I was waiting on the porch when Sally pulled up.

“You’re driving a different car,” I observed as I climbed inside the dark van.

“Company vehicle,” she said, waving at the rows of seats behind us. “It’ll carry nine people in a pinch. Air conditioning vents on each row, duplicate speakers. I like to listen to oldies. Do you mind?” She punched a button on the radio.

“ . . . sorry now?” whined Connie Francis. “Whose heart is achin’ . . .

“Of course not.” I buckled my seat belt firmly.

What I did mind was if she’d had a couple of martinis with Barry before picking me up. I’d seldom seen her this nervous.

“All righty! We’re off!” Sally said brightly. She pulled out into the street without a hitch and I began to relax.

“Exactly how far is this house from town, Sally?”

“A little over seven miles, but it’s good road all the way and it has that gorgeous view across the lake. If it’s not foggy, you can see the Green Mountains.”

“It sounds beautiful.”

“I know you’re going to love it. Speaking of love, how did this thing with Gil Dickensen get started?”

Her blonde hair had fallen over one eye. She turned the other on me, brow arched.

I felt my face heating up, but I kept my voice casual. “Oh, you know, he was an old beau—”

“A beau! Isn’t that cute?” She shook back her hair and returned her attention to the road.

“Yeah, well, that’s what people are saying about me these days,” I said, remembering Vern. “Supposedly, I’m cute.”

“ . . . goin’ to the chapel and we’re gonna get married . . . ” sang the radio.

Sally patted my arm with her kid glove. “But you are, Amelia. Cute, I mean. You still have a nice figure and almost no gray hair. And everybody in high school always envied that wonderful clear complexion.”

Nice of her to admit that we went to high school in the same decade. Too bad there was no witness to this. “Fat lot of good my complexion did me at the prom,” I thought, then realized that I had spoken aloud.

“But everybody loved your cousin,” Sally said, repeating the ancient, well-meaning litany that had so humiliated me as a teenager. “He was such a good dancer.”

“Yes, well—” I began, but Sally put her hand back on my arm.

“Shhh! Listen.”

It was a news bulletin. “ . . . in the murder of 19-year-old Marguerite LeBow. Police have arrested Judith Dee, 60, of 488 Mason Street. Dee’s house is the site of a recent shooting incident in which 16-year-old Derek Standish was gravely injured.
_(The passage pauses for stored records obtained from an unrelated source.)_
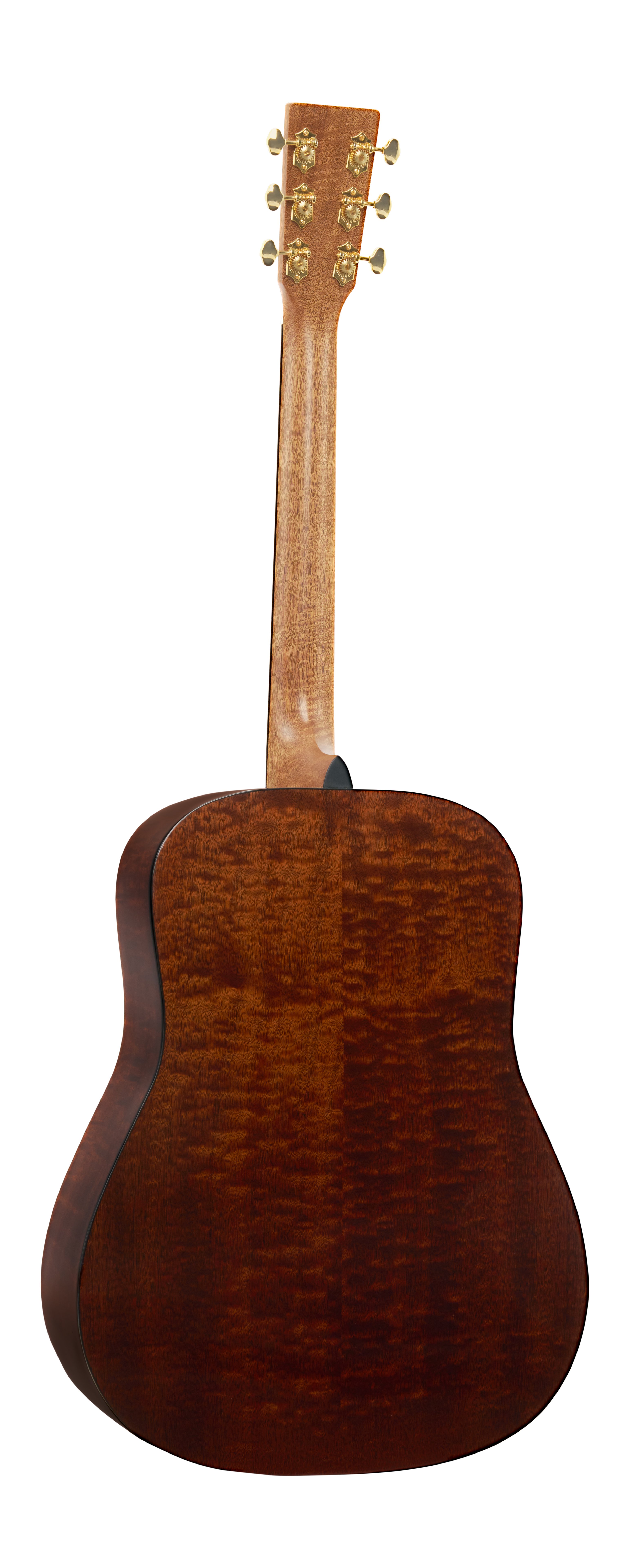 Back of Martin D-CFM IV 50th Anniversary Guitar image number 2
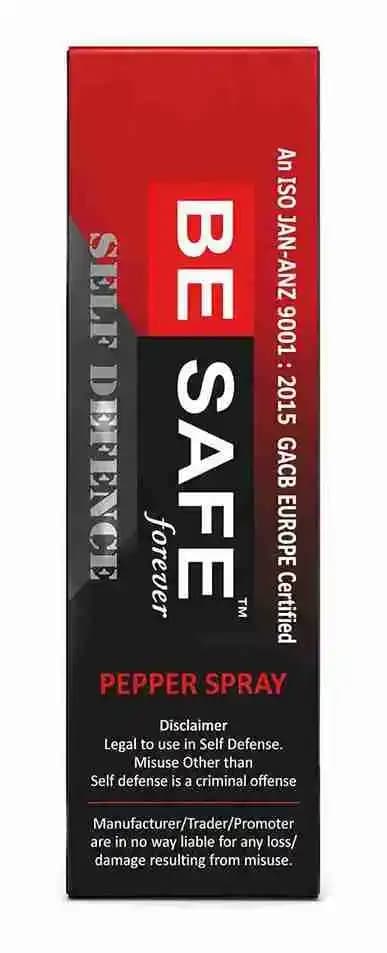 Personal Safety Pepper Spray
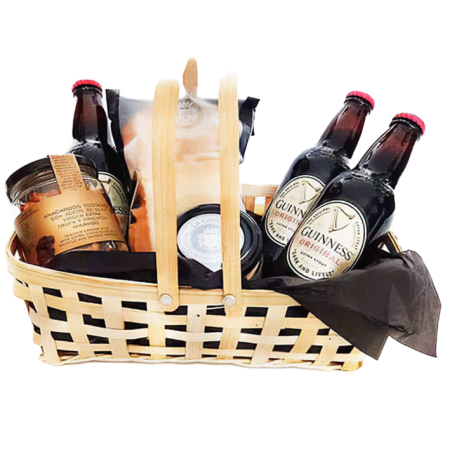 Coffret gourmand gourmand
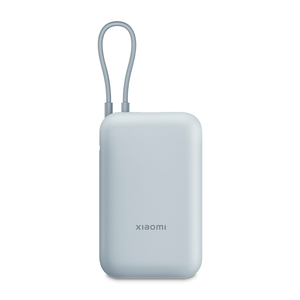 Power Bank Xiaomi 10000mAh Azul Power Bank Xiaomi 10000mAh Azul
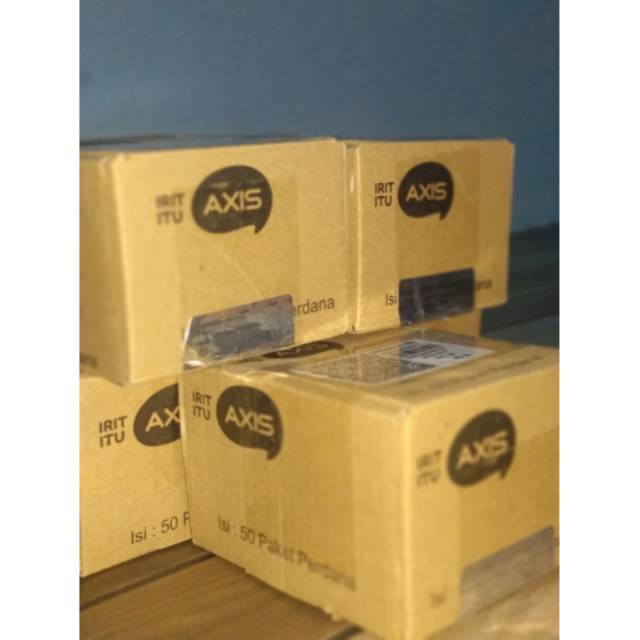 PERDANA AXIS SUDAH REGISTRASI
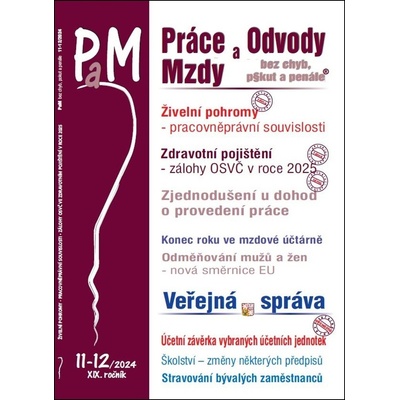 Práce a mzdy Živelní pohromy, pracovněprávní souvislosti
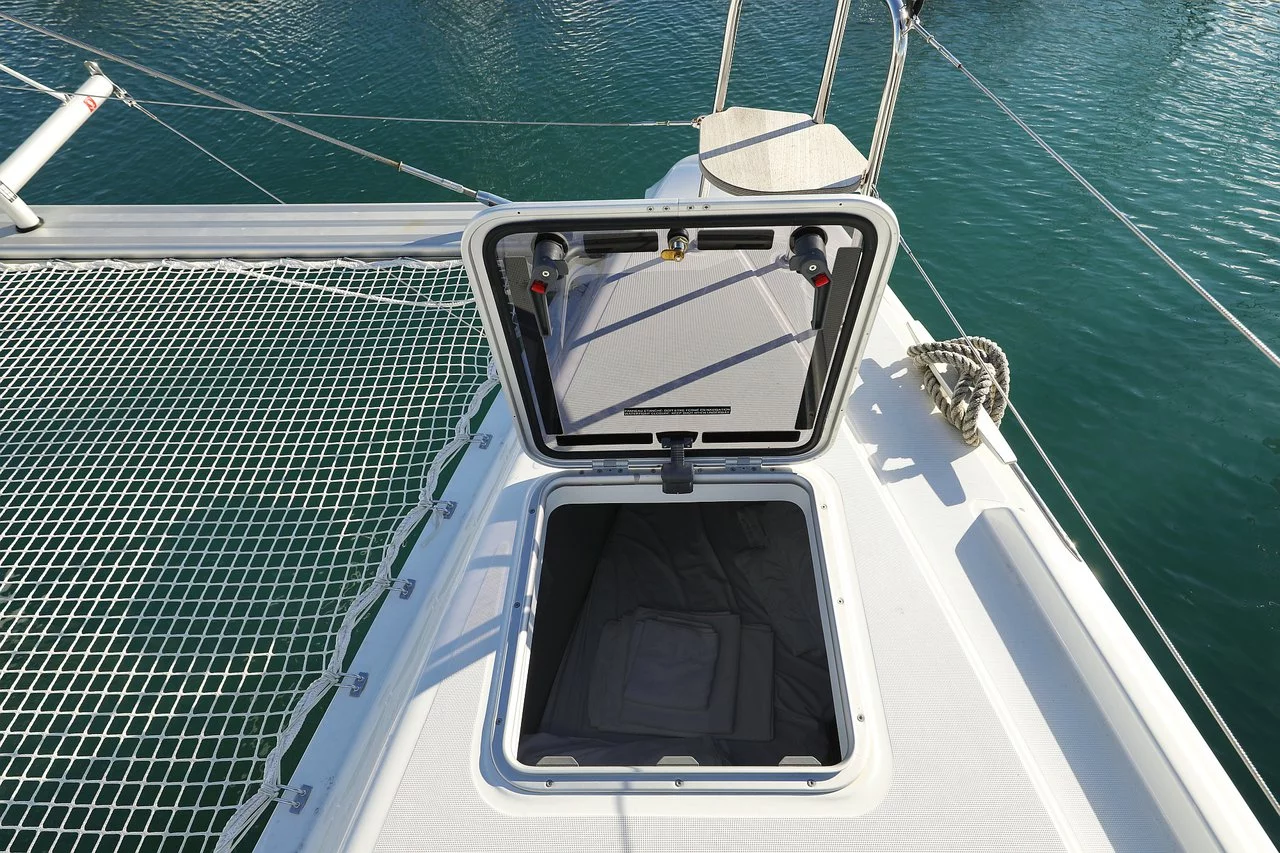 Lagoon 42 - 4 + 2 cab. (Rea)  - 12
Reports indicate that while conducting a search of the Dee house, police found an unknown quantity of illegal drugs. Stay tuned to this station for more information as it becomes available.”

Then Jay and the Americans resumed singing about what could happen only in America.

“Wow! Judith Dee! Who’d’ve thought? You know her from school, don’t you, Amelia? Did you have any idea?”

“Derek Standish did. He said that Judith was UDJ. Then she shot him.”

“She was what?” Sally seemed surprised.

“It was a kind of clue that Marguerite left. UDJ—pig Latin for Judy, see?”